There are also integration opportunities for microcontrollers and flash memory. Hitachi was one of the earliest proponents of integrating the two. Although Renesas is fifth in the world in flash (see the chart "1 And 1 Make 5 in Flash," below), it is well positioned to capture new market share. Hitachi made AND flash, whose performance is similar to or better than NAND's but with a different architecture; Mitsubishi made NOR flash. Renesas is rare, if not unique, in offering both. "It ended up being the most balanced flash maker in the industry," says Handy. Few current products use both types of flash, but analysts expect to see more in the future.

Ito talks about becoming market-focused, not product-focused. On its first anniversary, Renesas restructured from a strictly product-line organization to having three business divisions: standard products, memory and systems solutions. The latter has units for automotive; cellular; and consumer electronics, mainly PCs and audiovisual devices. Analysts don't see significant results yet.

Ito says Renesas plans to integrate microcontrollers, flash memory and peripherals to offer customers complete systems for devices in all three markets. It is also developing partnerships with software developers, middleware developers and systems integrators. Microcontrollers, especially for the automotive market, are a slow-but-steady cash cow. The other two markets have greater growth potential.
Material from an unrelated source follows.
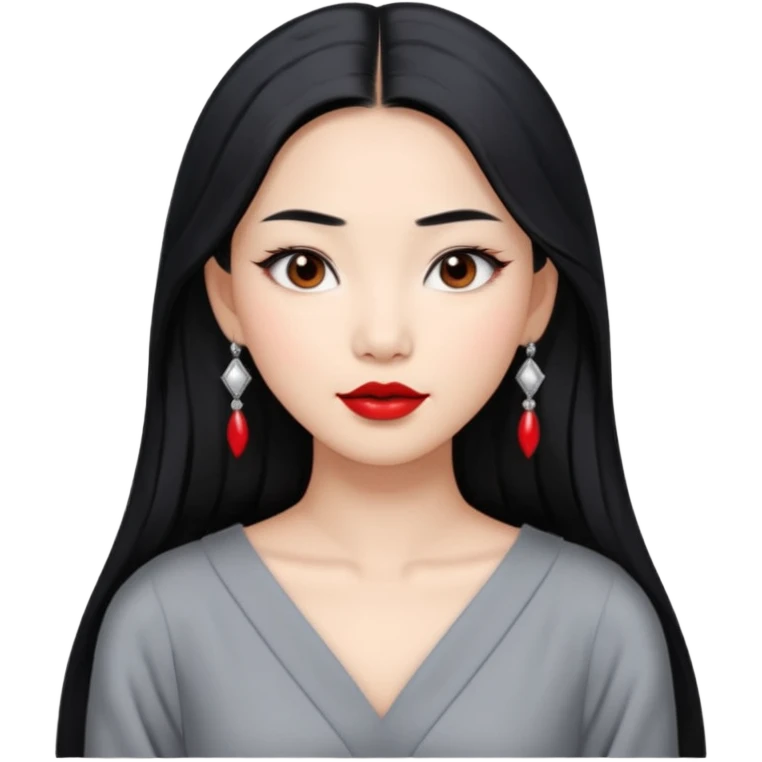 30 yr old asian woman, middle parted straight long black hair, very pretty, fancy grey dress, earings, red lipstick, silver earings emoji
Consolidating fab processes

The fab lineup is another advantage. By Yancey's count, Renesas has 17 production fabs at seven sites in Japan and two sites in Germany. Five were Hitachi; four were Mitsubishi. Renesas would be near the top of the list of semiconductor companies, just behind Samsung and Intel, if they were ranked on capacity, says Yancey.
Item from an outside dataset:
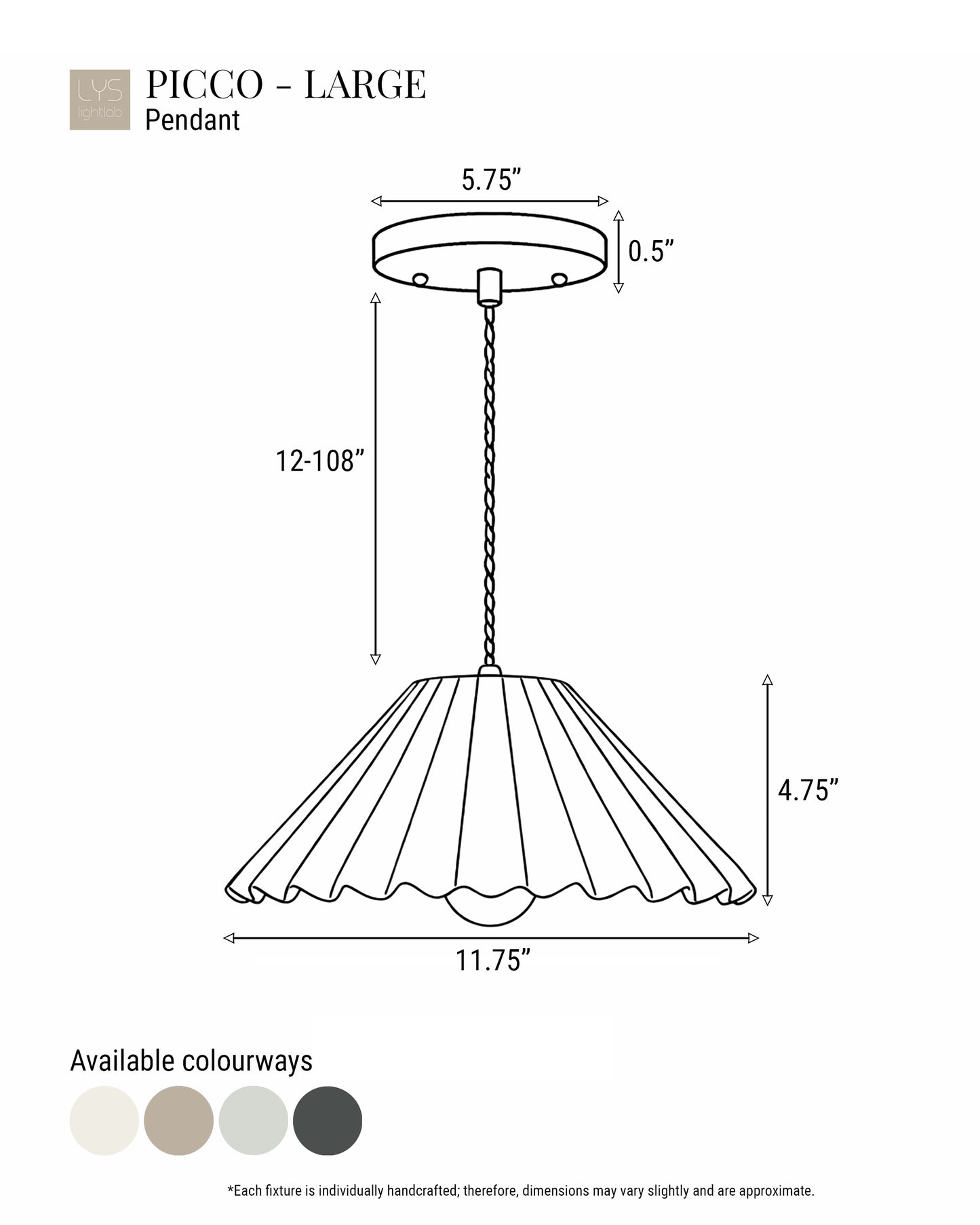 Montebello Pendant Light | Scalloped Hanging Fixture | Shadow Charcoal Gray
One site, called Trecenti, previously owned by Hitachi, is a 300-millimeter fab. Yancey says most of the extra capital spending in 2003 went there, doubling capacity to 13,000 wafers per month. That's about half the capacity of the world's biggest 300-mm fabs, but Yancey believes that Renesas has enough for now. The company is now building products at sites from both parents. For example, it makes Hitachi LCD drivers at a Mitsubishi fab. All new designs on advanced technologies—130 nanometers and smaller—will be built through a unified process at Trecenti, Ito says.

 

"In the past, it would have taken at least six months, and maybe a year, for that kind of decision."
—Daniel Mahoney, CEO, Renesas U.S. subsidiary

 

Yancey says both parents were respected for their R&D and that there's no reason to believe that that will change. "The Hitachi conglomerate was especially well known for a long time as an innovator and had one of the largest R&D labs in the word."

Although Renesas is privately held, it has disclosed some first-year financials. It had net income of 8.6 billion yen on revenue of 986.6 billion yen. That put it ahead of plan, says Mahoney. Because of cost reductions achieved in its first year, he adds, Renesas is well on its way to lowering its break-even point by 100 billion yen at the end of 2005.
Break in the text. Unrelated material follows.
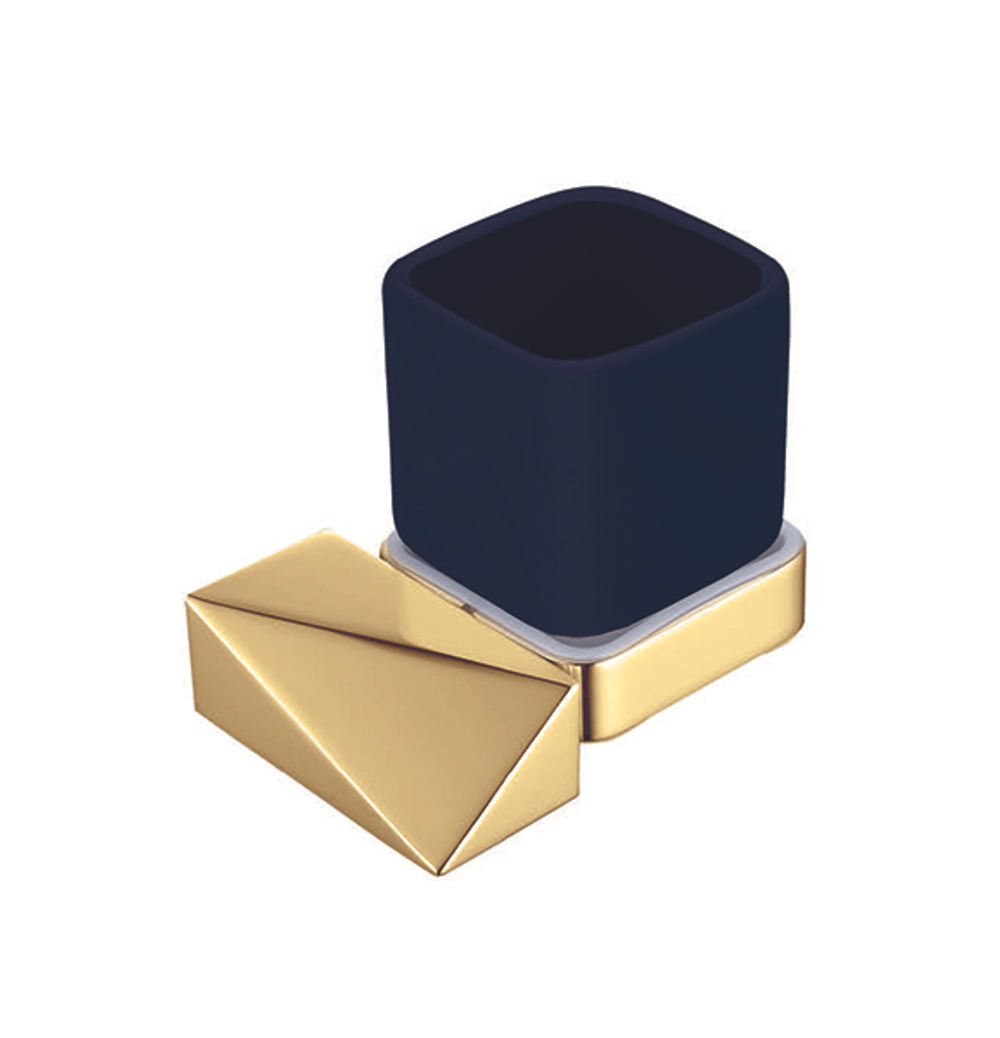 Настенный стакан д/зубных щеток NEW VENTURO золото/черный_Комплект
Analysts say the merger has gone relatively smoothly. Then again, there were few expectations. "You haven't heard about a lot of this going well or that going poorly, because no one knew what to expect," says Kelly.

Others are skeptical. Because Renesas is privately held, management can say whatever it wants, notes Tim Wang, an iSuppli analyst based in Japan. "There's no obligation to disclose anything." Wang believes that Renesas has more duplication than it lets on and will eventually have to deal with it, probably through layoffs, which are difficult in Japan, where most workers still expect lifetime employment. Ito says he plans no layoffs.

Most analysts think Renesas has a chance to become profitable in its markets if it continues to break away from the constraints of the traditional Japanese go-slow mentality and to develop a global outlook. There are early signs it is succeeding. Although 60 percent of revenue comes from Japan, Renesas is stronger globally than other Japanese chip companies, with 10 percent coming from sales in the United States, 10 percent from Europe and 20 percent from Asia outside Japan. It recently had important design wins in the European cell phone business. "It is particularly strong in Europe with the handset guys," says iSuppli's Sheppard. He adds that the Japanese executives at Renesas actually listen to their executives in the U.S. and Europe, which is rare in a Japanese company.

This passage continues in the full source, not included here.